Penso che non può bastare un intento fortemente celebrativo, per riuscire a progettare e creare simile bellezza,  che comunque deve assolvere anche a necessità di tipo logistico e amministrativo, c’è attorno una città piena di gente che ci vive e che ci lavora ( oggi la bruttezza è il pane della nostra quotidianità produttiva e sociale e io ne sono intrisa, che voglia o non voglia).
 Bisogna essere in grado di attivare grandiosi talenti e grandiose competenze. Ma il flusso che produce la creazione origina da imprinting culturali che non si imparano nei laboratori degli scultori.
Qui ad Aphrodisias è facile immaginare che essi promanino dal genius loci, la dimenticata Grande Madre che poi si fa riconoscere in svariati culti femminili fino ad assumere la fisionomia Afrodite, potentemente evocatrice nel cielo, nella terra e nelle acque  dell’armonia cosmica che regola tanto la semplicità perfetta del volo delle api o del balzo del delfino nel mare quanto la sapienza creatrice umana.

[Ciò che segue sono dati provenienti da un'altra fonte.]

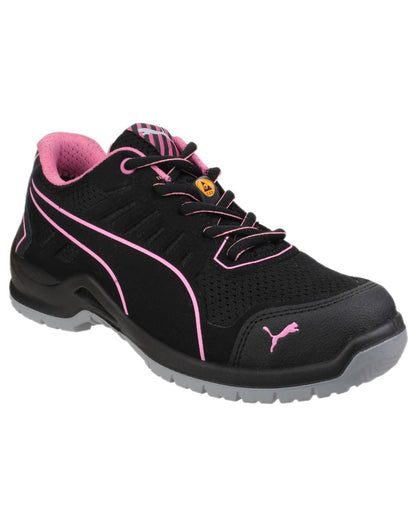 Black Coloured Puma Safety Womens Fuse Tech Lightweight Safety Trainers on white background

AFRODITE. LA SINTESI PERFETTA

Ed eccola, nel Museo di Aphrodisias, la statua che proviene dal tempio alla dea, eretto nel primo secolo a.C. sul sito già anticamente - ma proprio tanto anticamente - dedicato al culto.
Sia la postura, non dissimile dall’Artemide efesina, sia alcuni particolari che echeggiano i culti arcaici e permangono accanto alle movenze stilistiche elleniche, rappresentano la continuità con il remoto passato anatolico: nessuno può dire se si tratti di un caso o di una voluta trasparenza che lascia scorgere epoche matriarcali, certo è che essa è replicata nelle copie della statua ad opera della schiera di scultori afrodisiensi,  accomunati da un eccezionale talento ( dote venusina evidentemente, quella di cavar bellezza dalla pietra informe)  e molto ricercati nelle città dell’impero romano.
 


Quando me la vedo davanti resto esterrefatta.  La rappresentazione del volto richiama l’appellativo di Myrtoessa,spesso attribuitole:  la fronte incorniciata da una corona di foglie di mirto, pianta tanto benaugurante fertilità e felicità  quanto funebre e collegata al mondo ctonio. La dualità simbolica  non è contraddittoria, anzi corrisponde alla doppia valenza delle potenti dee arcaiche, signore della vita e della morte, della luce e dell’oscurità.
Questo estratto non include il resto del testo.